Listless Taylor retains title by edging lifeless Hopkins

LAS VEGAS -- If Bill Shakespeare had been writing about Saturday night's middleweight title fight between Jermain Taylor and Bernard Hopkins, it would have been much ado about nothing. It would have been a tempest in a teapot. All the threatening words from both sides leading up to it would have been seen to be nothing more than ''a tale told by an idiot, full of sound and fury, signifying nothing." In other words, it would have been a tragedy, which it was if you shelled out $44.95 to watch a two-step disguised as a fight.

Taylor could have been cast as Hamlet as he walked around the stage at the Mandalay Bay Events Center, for he seemed like a southern fried version of the Daunted Dane, a young man from Arkansas unsure of what to do or when to do it.

Hopkins, on the other hand, appeared much like the aged King Lear, an old lion unable to pull the trigger anymore when he needed to most and, hence, doomed to ultimate ruin.

For 12 rounds, Taylor and Hopkins circled each other like two not-so-hungry sharks. Occasionally, they attacked, but never ravenously, their appetite for combat apparently sated five months ago when they first met. Mostly they waited, two boxers so respectful of each other they seemed obsessed with making sure a fight never broke out. They got their wish. It was like watching a John Ruiz fight -- but with less action.

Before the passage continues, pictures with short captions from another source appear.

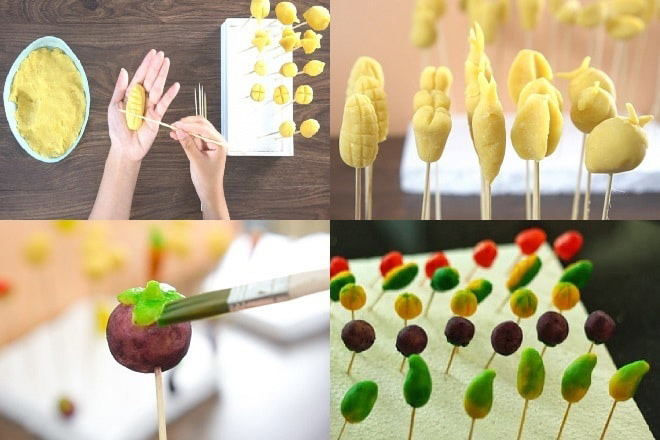 Tạo hình và tô màu cho bánh đậu xanh trái cây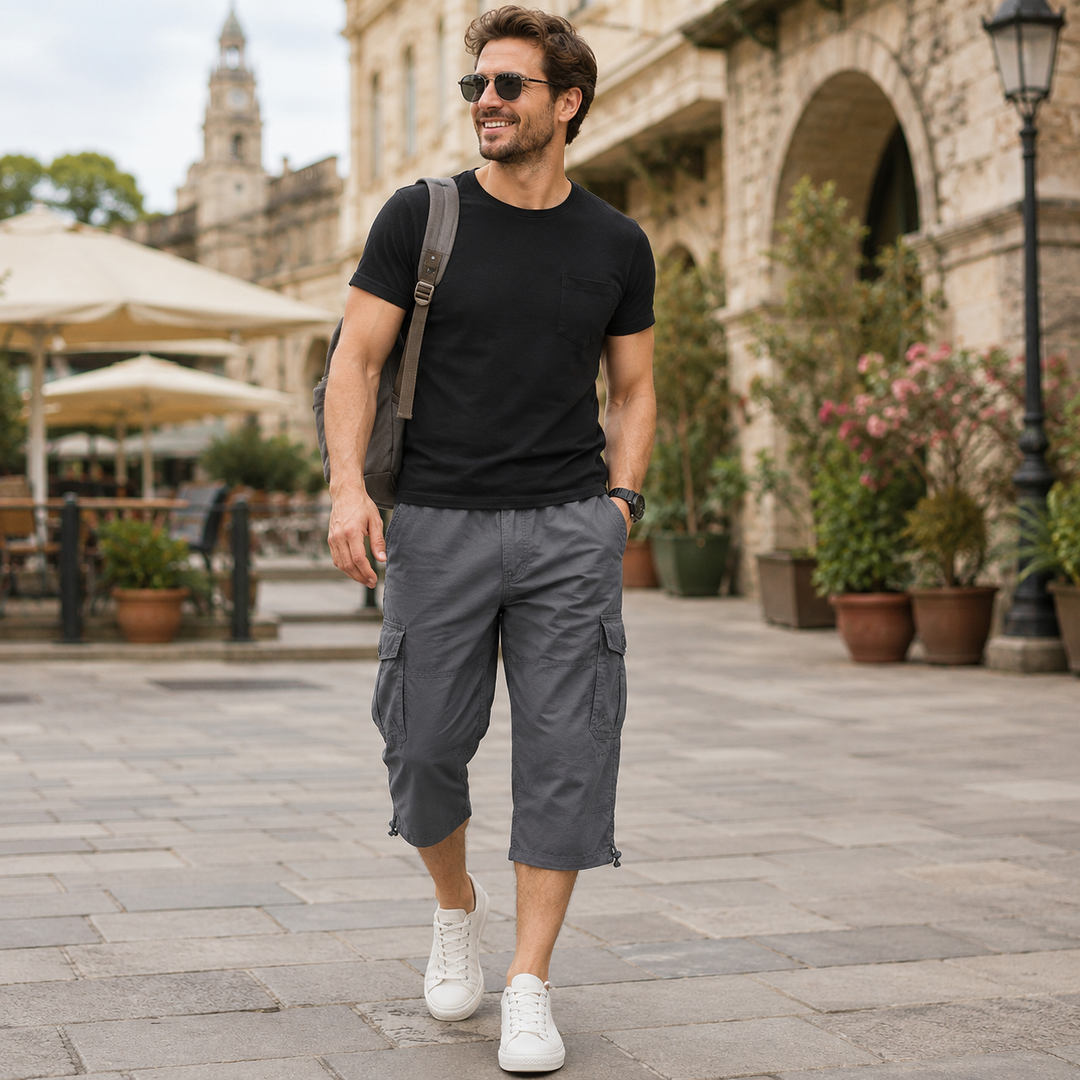Herren Cargo-Capri-Shorts, schnelltrocknend & robust. Ideal für Wandern, Reisen & Sommer-Freizeitaktivitäten.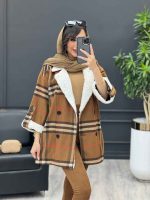 پالتو چهارخونه یقه تدی کد 3985 - تصویر 3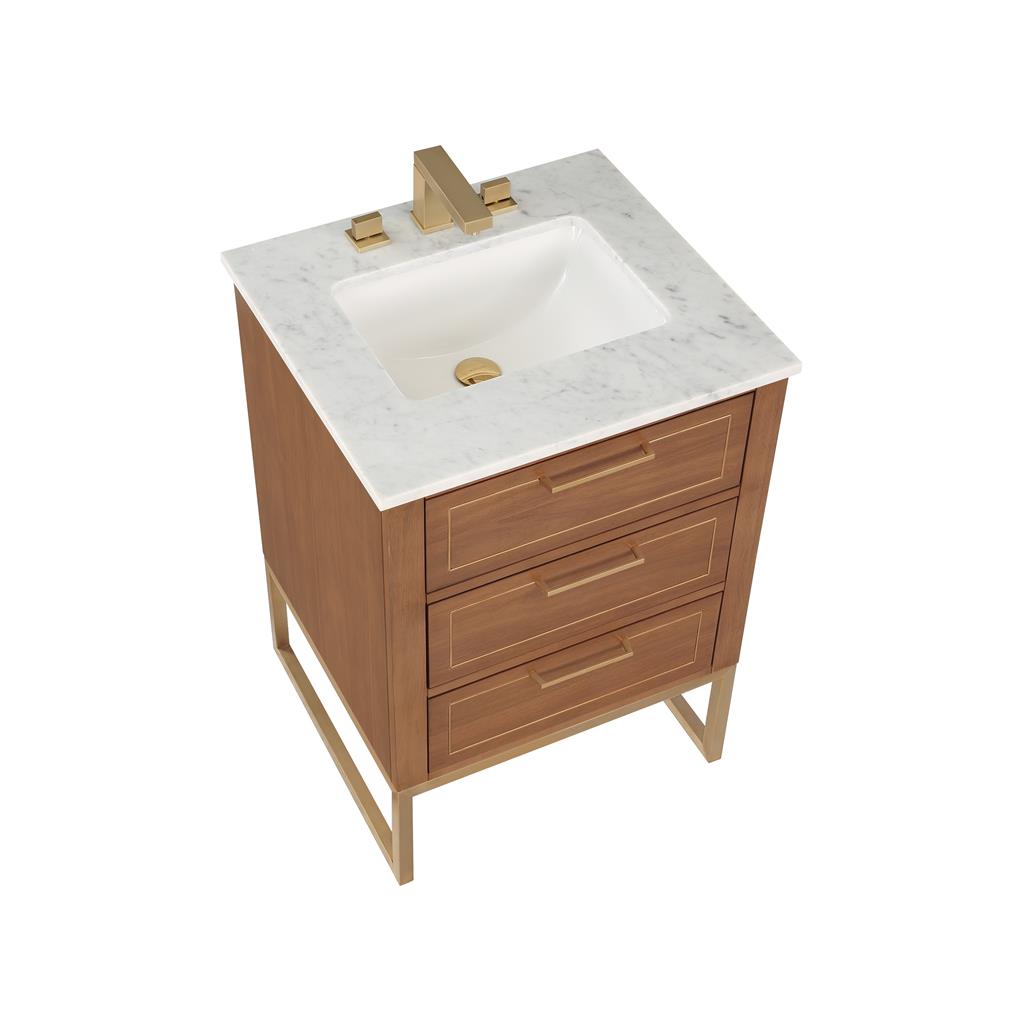 Bemma, Markham 24" Single Vanity, Walnut/Satin Brass, Carrara Marble Top#top-options_carrara-marble-top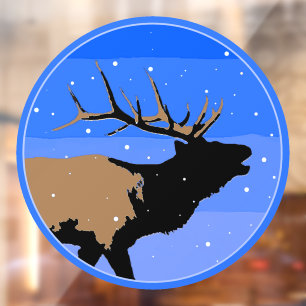 Autocollant Pour Fenêtre Élan Bugling en hiver - Art original de la faune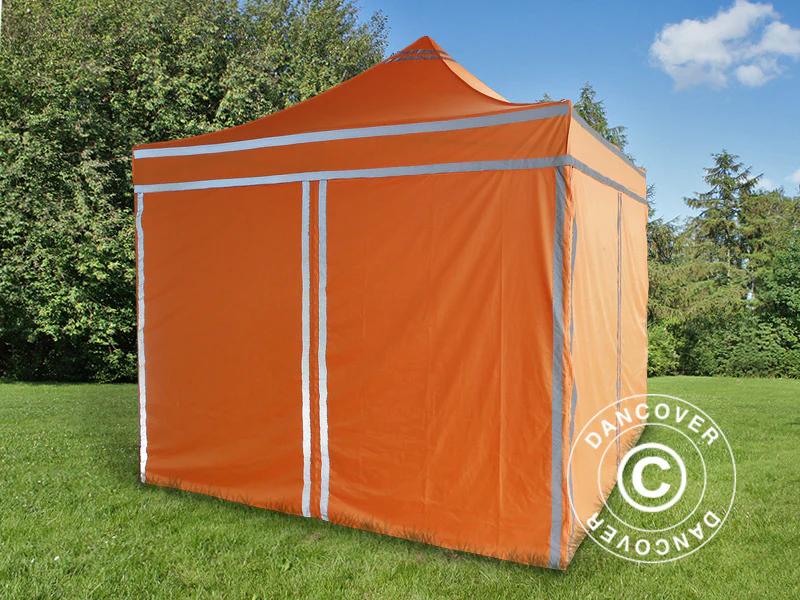 Quick-up telt FleXtents PRO Steel Arbeidstelt 3x3m Oransje reflekterende, inkl. 4 sider - Image 5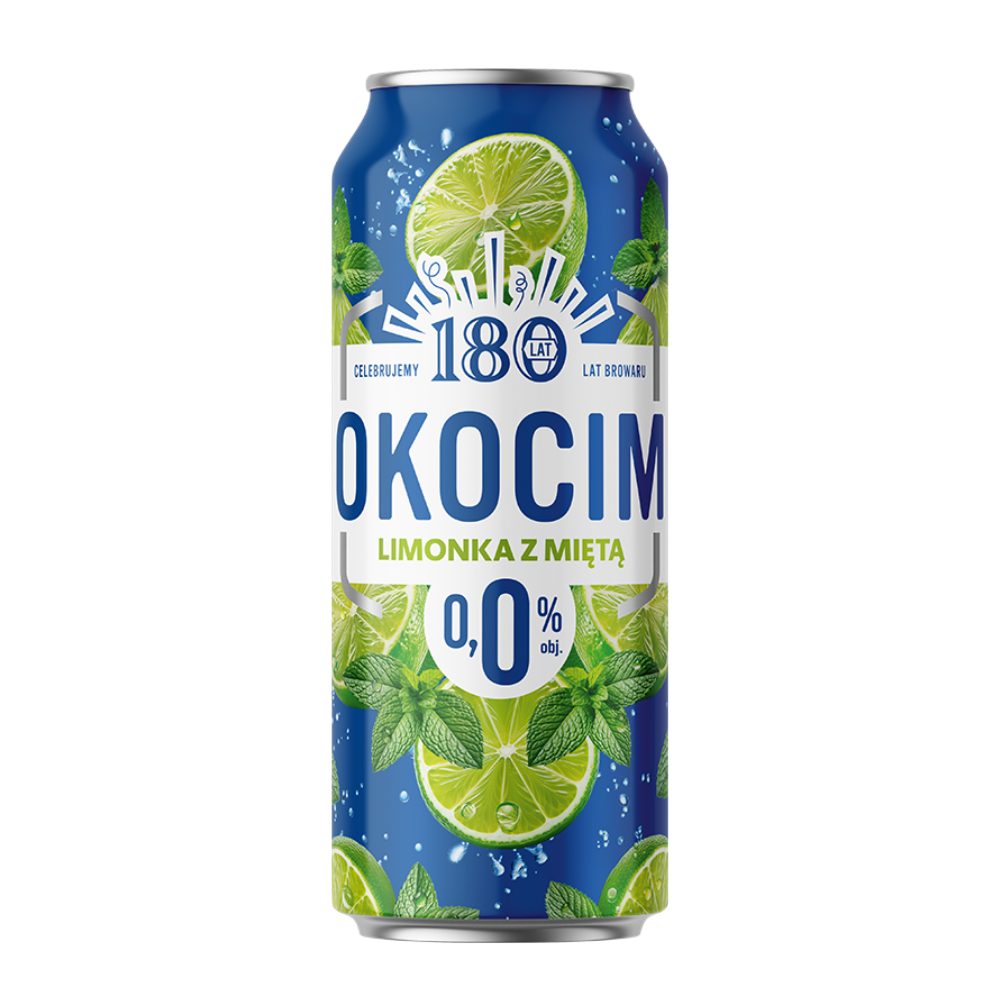 Piwo Okocim Limonka z Miętą 0% 500 ml puszka DRS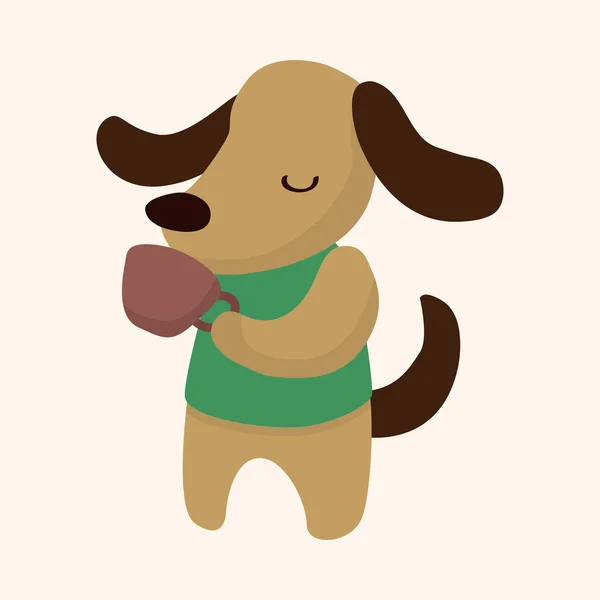 Animal perro teniendo tarde té tema elementos — Vector de stock
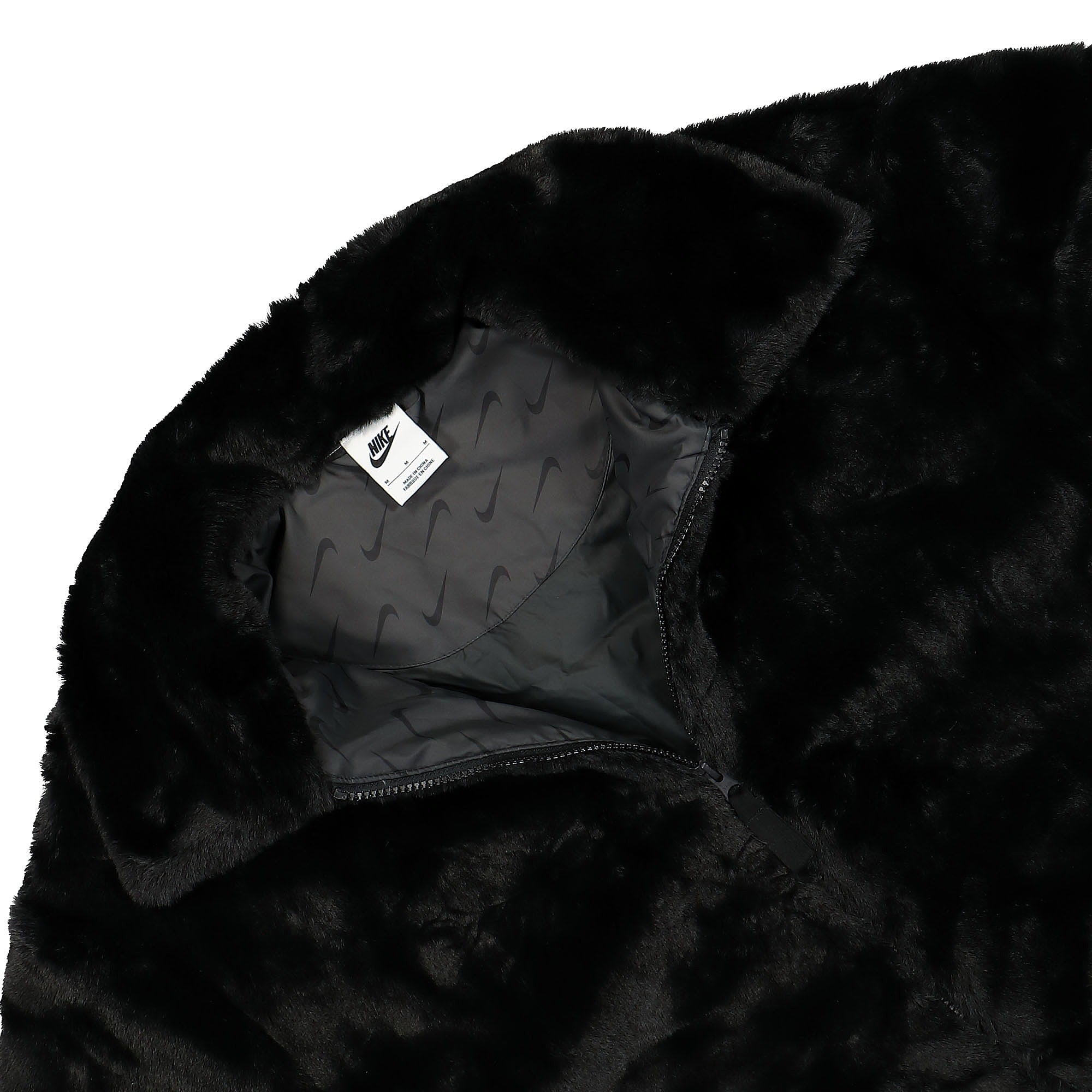 Nike W NSW Faux Fur Long Jacket Black / Dark Smoke Grey / Sail Jackets Close-up | Overkill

Taylor spent far more time holding than punching and Hopkins made the same tactical error he did in their first confrontation, giving away half the fight with his inaction before coming on to make it close but not close enough. Judges Dave Moretti, Chuck Giampa, and Patricia Morse Jarman all scored the bout identically, seeing Taylor a 115-113 winner, thus allowing Taylor (25-0) to retain the undisputed middleweight title he first won from Hopkins July 16. The Globe card had the fight a 114-114 draw.

Moretti scored the first six rounds all for Taylor while Giampa and Jarman gave Hopkins only one of the first six, although they could not agree on which round Hopkins won, only further making the case that probably no one deserved it. That scoring made the 11th round the most critical because all three judges saw Hopkins (46-4-1) as dominant in the second half, in large part because he finally began to press Taylor while the champion was content to clinch and only occasionally put himself at risk. But all three, as well as the Globe, agreed Taylor won the 11th round. Had he not, the fight would have been declared a draw, and although Taylor would have retained the World Boxing Council, World Boxing Association, and World Boxing Organization titles, he would have kept them in as controversial a manner as he first won them in July, when he was awarded a disputed split decision.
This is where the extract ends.